Principaux portails publics  |     | 

Economie, finances et monnaie - Emploi et politique sociale
Heiner Flassbeck a essayé de répondre à la question : "Comment venir à l’aide de nos économies en perdition ?"
27-06-2013


Heiner FlassbeckComment venir à l’aide de nos économies en perdition ? C’est la question à laquelle a essayé de répondre l’économiste Heiner Flassbeck, invité le 27 juin 2013 à la Maison de l'Europe par l’Institut d'Etudes européennes et internationales du Luxembourg et la Représentation de la Commission au Luxembourg avant de signer des exemplaires de son nouvel ouvrage, “Handelt jetzt! Das globale Manifest zur Rettung der Wirtschaft”, qu’il a co-signé avec ses collègues Paul Davidson, James K. Galbraith, Richard Koo et Jayati Ghosh.

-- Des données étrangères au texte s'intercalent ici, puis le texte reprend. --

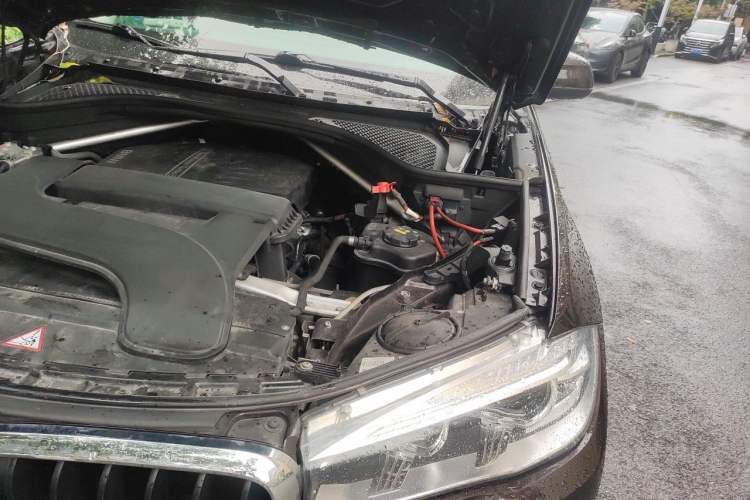 Used BMW X5 2015 xDrive28i Engine Bay Left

Dans un premier temps, Heiner Flassbeck, qui avait déjà donné une conférence remarquée en février 2012 a montré devant un parterre où se pressaient un ministre, des députés, des économistes, des statisticiens, des diplomates, des banquiers, des journalistes et des étudiants comment hausse des salaires et hausse du chômage tout comme baisse des salaires et baisse du chômage sont allées de pair depuis les années 70 du 20e siècle, époque à laquelle il situe le début de la "contre-révolution néolibérale". Mais avec la crise de 2008, cette évolution parallèle s’achève brutalement, et surgit alors ce qu’il appelle "le grand paradoxe" : les salaires baissent, et pourtant le chômage augmente massivement. Il y a rupture entre le prix du travail et le taux d’emploi. Le marché du travail révèle ce qu’il est : une partie de l’économie, et pas un marché particulier influencé par certains facteurs économiques seulement.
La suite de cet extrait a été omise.